*Records:*
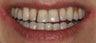 Porcelain veneers and whitening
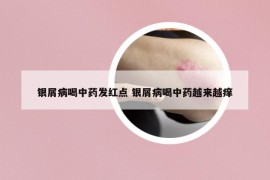 银屑病喝中药发红点 银屑病喝中药越来越痒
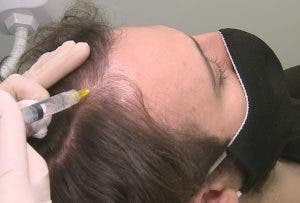 Inyección de dutasteride contra la pérdida de cabello-efe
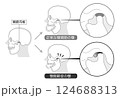 顎関節症の症状と説明のイラスト モノトーン 顎関節症の症状と説明のイラスト モノトーン 124688313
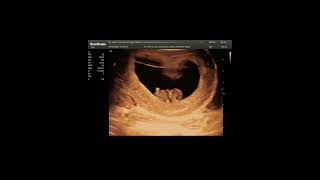 Embarazo: Ultrasonido de 9 semanas.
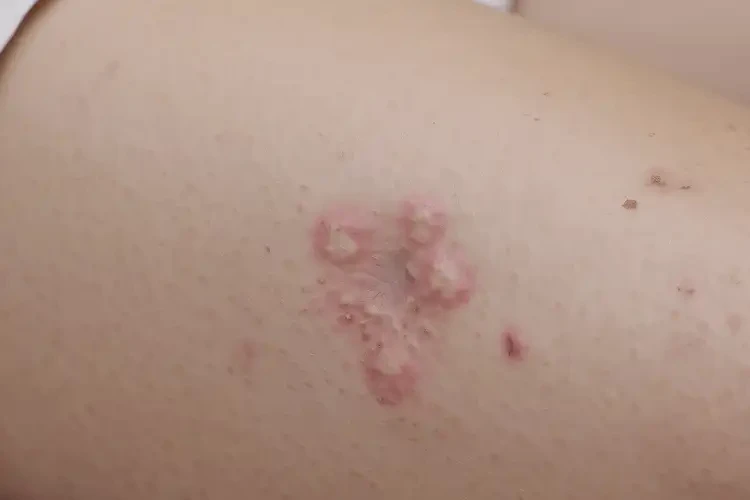 產(chǎn)婦大腿容易起濕疹可以徹底自愈嗎(圖4)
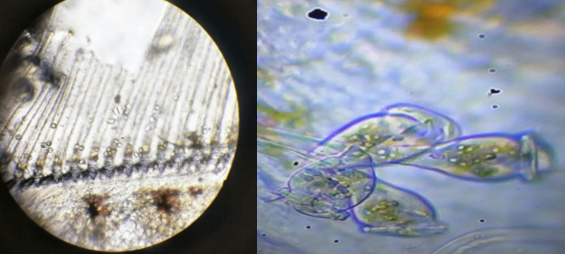 镜检纤毛虫图片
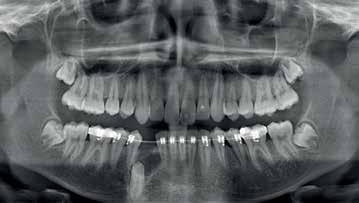 Displaced tooth 43 was then exposed vestibularly and inserted orthodontically. The odontoma was also removed lingually.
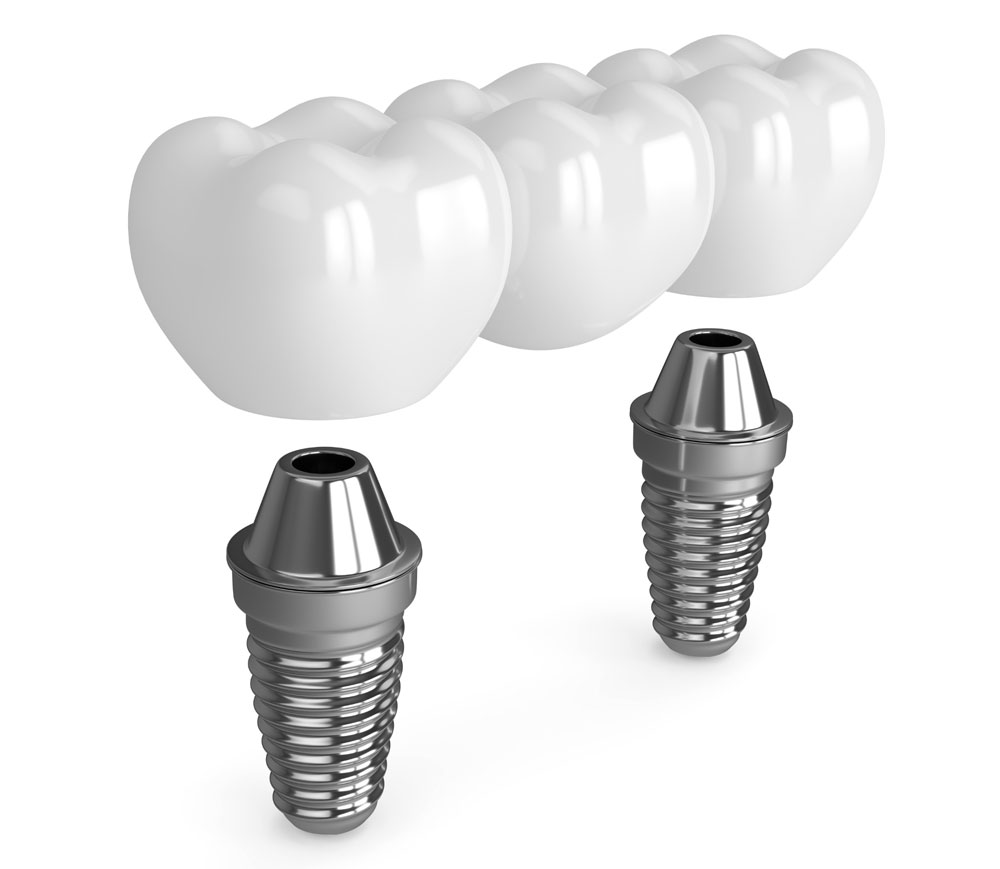 multiple teeth implants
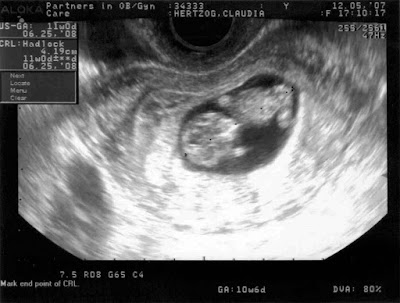 three weeks she has almost ultrasounds at 8 weeks. three weeks she has almost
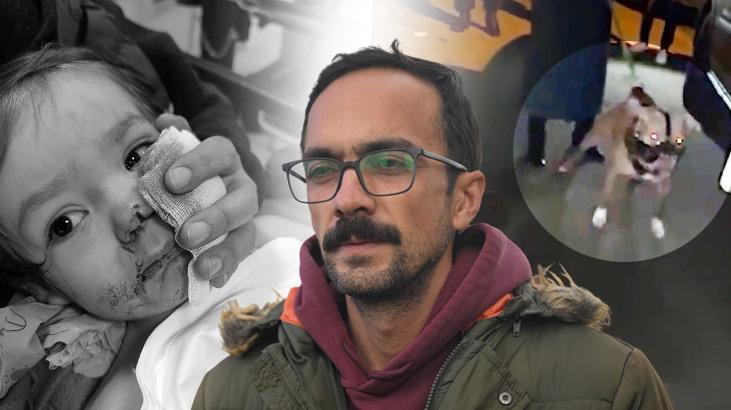 12 kez şikayet edilmiş: İlla çocuğumun suratının parçalanması mı gerekiyordu?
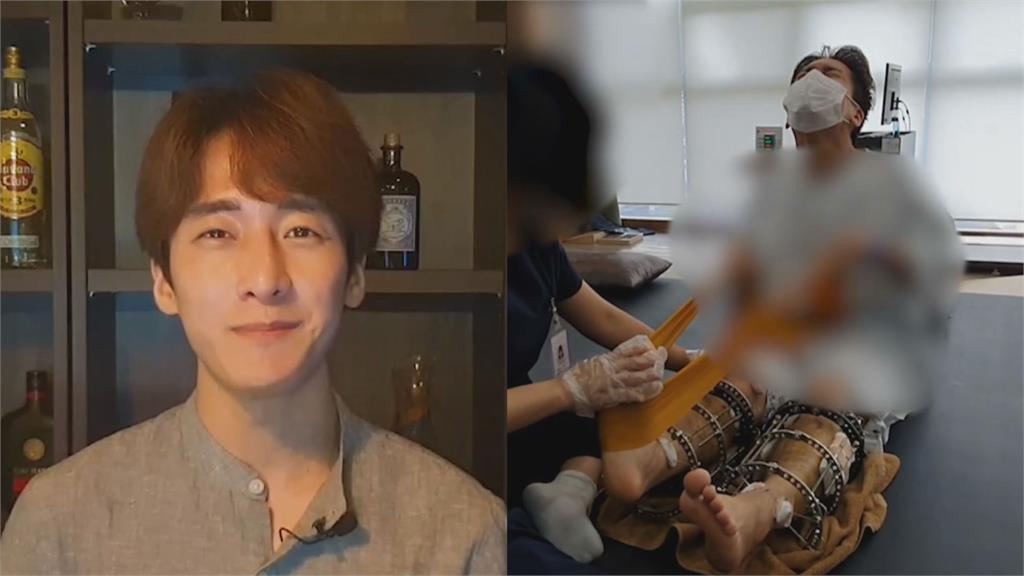 160cm被甩15次！34歲韓男挑戰「斷骨增高」手術　1年後增7公分超勵志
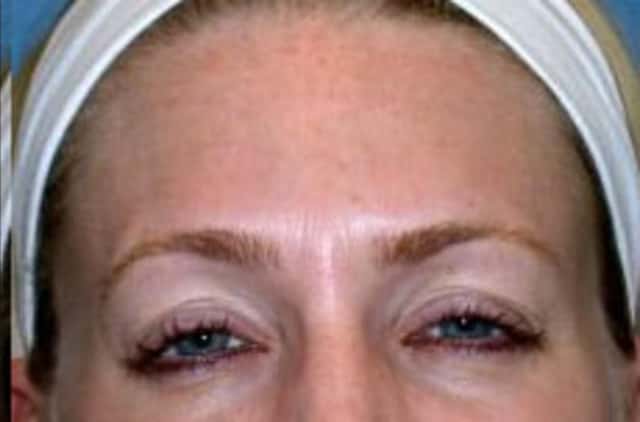 BOTOX® Cosmetic Before & After Case 20 after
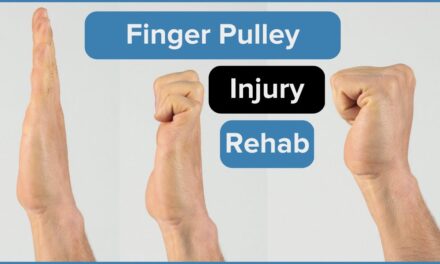 How To Rehab a Climbing Pulley Injury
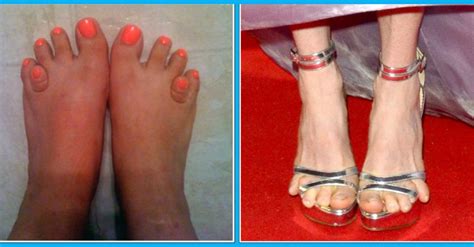 Top 19 des plus moches photos de pieds De quoi décomplexer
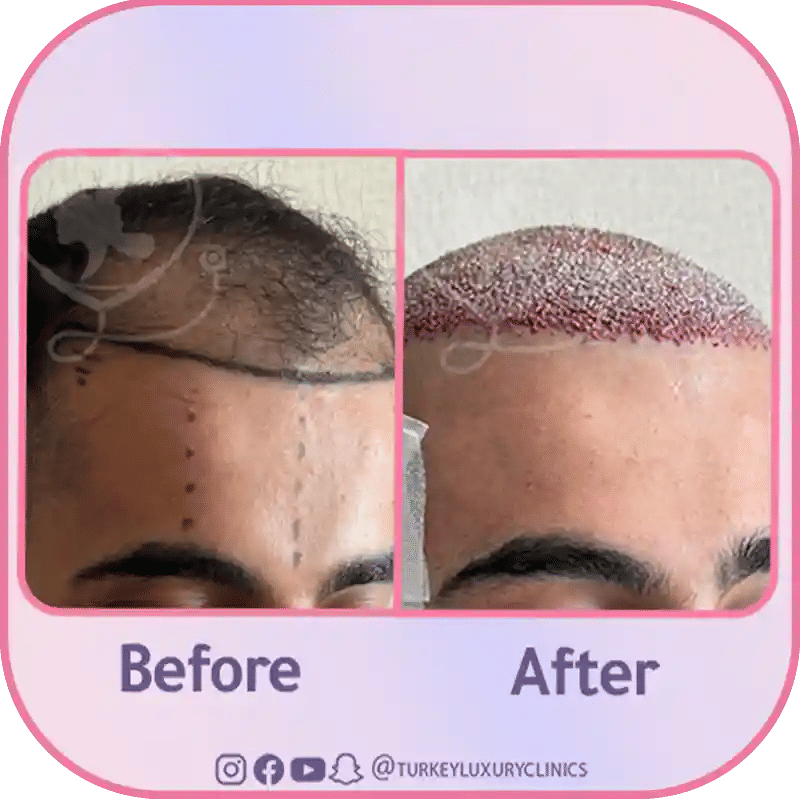 Recovery After Hair Transplant for Thinning Hair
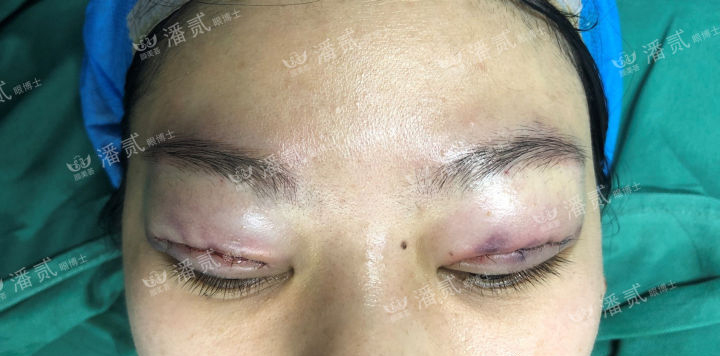 肿眼泡抽脂肪埋线双眼皮效果,肿眼泡割双眼皮长脂肪
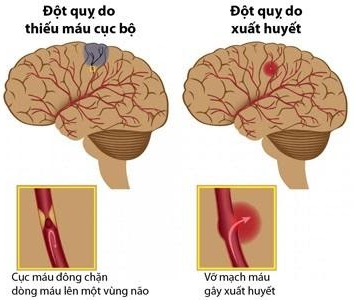 Đột quỵ và những hệ lụy đối với sức khỏe của bạn! 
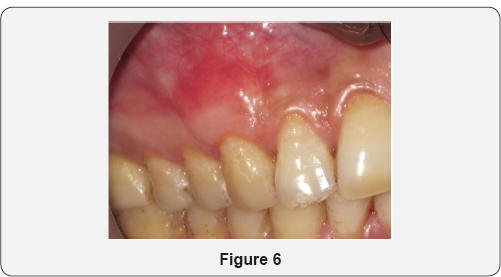 Click here to view Large Figure 6
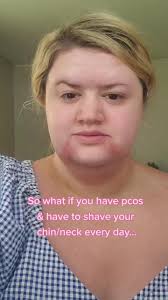 Empowering PCOS Girls with Farmasi Makeup Transformation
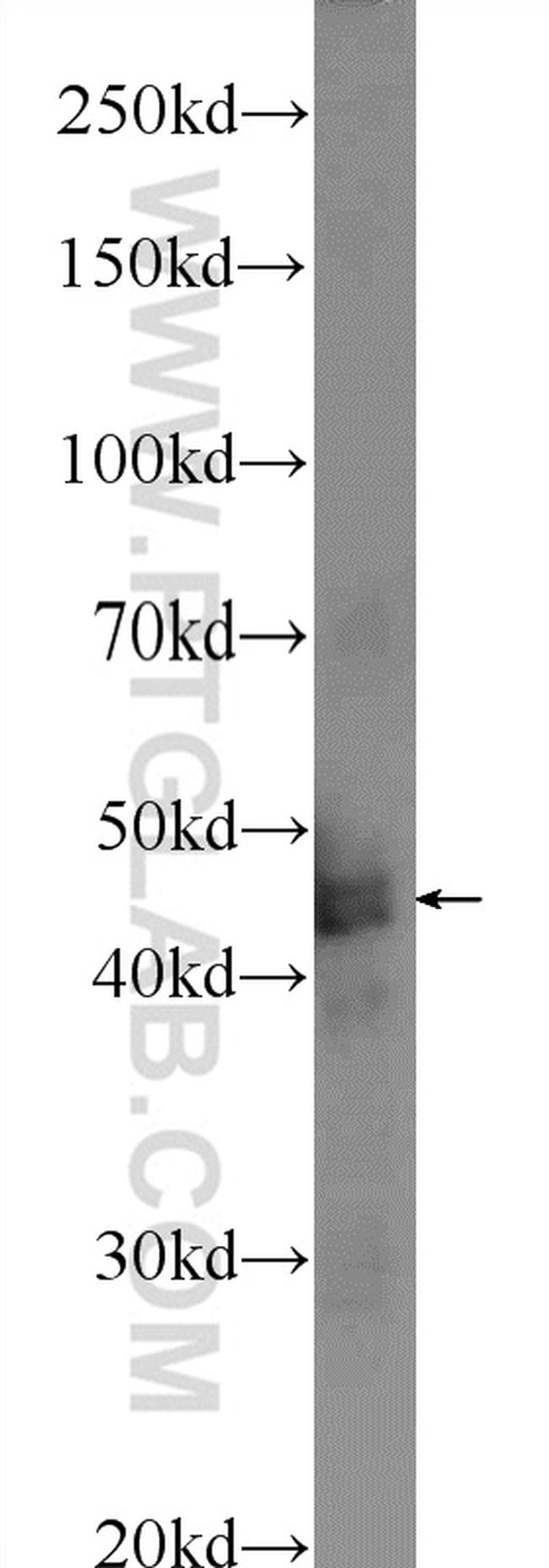 TMEM201 Antibody in Western Blot (WB)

*Activity:* Everything in the listing should be repeated exactly except the pictures.

*Solved exercise:*
 Porcelain veneers and whitening
 银屑病喝中药发红点 银屑病喝中药越来越痒
 Inyección de dutasteride contra la pérdida de cabello-efe
 顎関節症の症状と説明のイラスト モノトーン 顎関節症の症状と説明のイラスト モノトーン 124688313
 Embarazo: Ultrasonido de 9 semanas.
 產(chǎn)婦大腿容易起濕疹可以徹底自愈嗎(圖4)
 镜检纤毛虫图片
 Displaced tooth 43 was then exposed vestibularly and inserted orthodontically. The odontoma was also removed lingually.
 multiple teeth implants
 three weeks she has almost ultrasounds at 8 weeks. three weeks she has almost
 12 kez şikayet edilmiş: İlla çocuğumun suratının parçalanması mı gerekiyordu?
 160cm被甩15次！34歲韓男挑戰「斷骨增高」手術　1年後增7公分超勵志
 BOTOX® Cosmetic Before & After Case 20 after
 How To Rehab a Climbing Pulley Injury
 Top 19 des plus moches photos de pieds De quoi décomplexer
 Recovery After Hair Transplant for Thinning Hair
 肿眼泡抽脂肪埋线双眼皮效果,肿眼泡割双眼皮长脂肪
 Đột quỵ và những hệ lụy đối với sức khỏe của bạn! 
 Click here to view Large Figure 6
 Empowering PCOS Girls with Farmasi Makeup Transformation
 TMEM201 Antibody in Western Blot (WB)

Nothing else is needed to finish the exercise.